▸ Work to be completed: Look below for the line containing "Eine moderne Küche", then write out that line and every line after it to the end, exactly, minus the pictures.

Stored data entries:
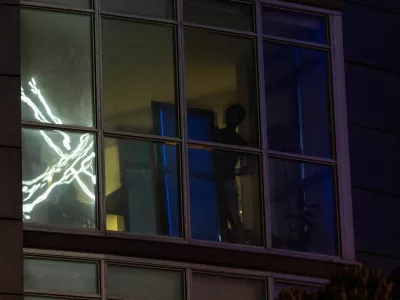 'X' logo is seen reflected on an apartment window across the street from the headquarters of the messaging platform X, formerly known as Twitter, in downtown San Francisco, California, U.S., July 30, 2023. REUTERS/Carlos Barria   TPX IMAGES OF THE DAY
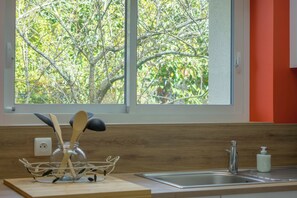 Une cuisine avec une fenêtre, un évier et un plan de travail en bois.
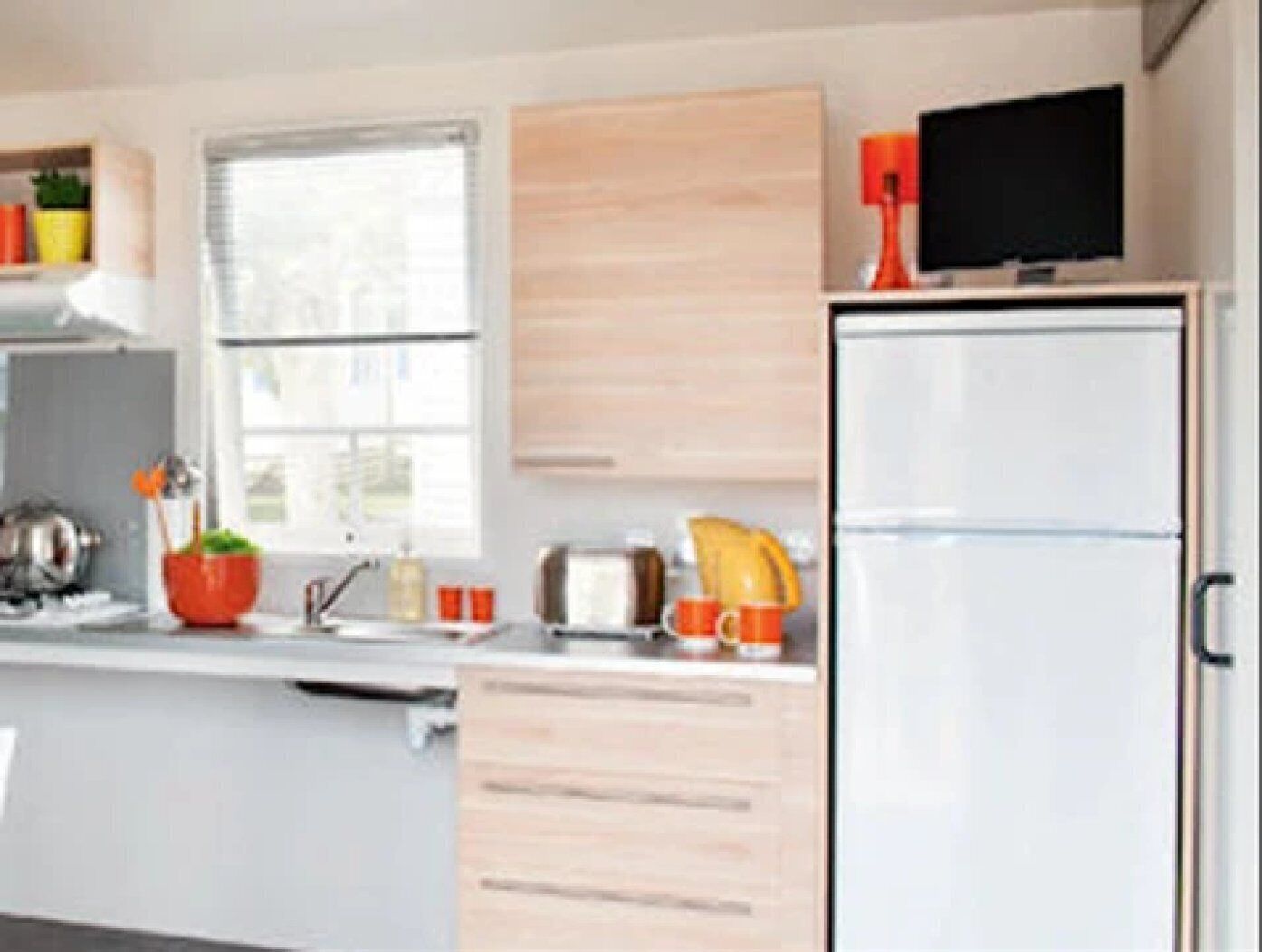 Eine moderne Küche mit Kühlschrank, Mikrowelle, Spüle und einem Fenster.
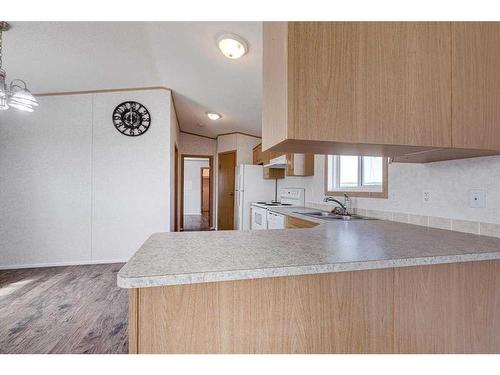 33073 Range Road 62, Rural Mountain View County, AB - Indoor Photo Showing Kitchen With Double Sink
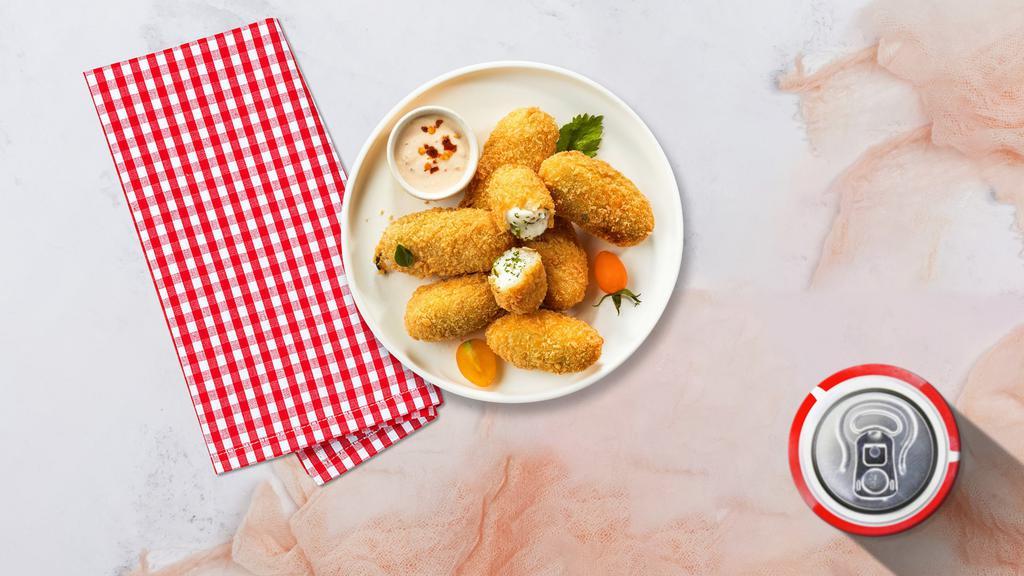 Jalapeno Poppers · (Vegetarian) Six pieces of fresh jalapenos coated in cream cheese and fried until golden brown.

▸ Response to the exercise:
 Eine moderne Küche mit Kühlschrank, Mikrowelle, Spüle und einem Fenster.
 33073 Range Road 62, Rural Mountain View County, AB - Indoor Photo Showing Kitchen With Double Sink
 Jalapeno Poppers · (Vegetarian) Six pieces of fresh jalapenos coated in cream cheese and fried until golden brown.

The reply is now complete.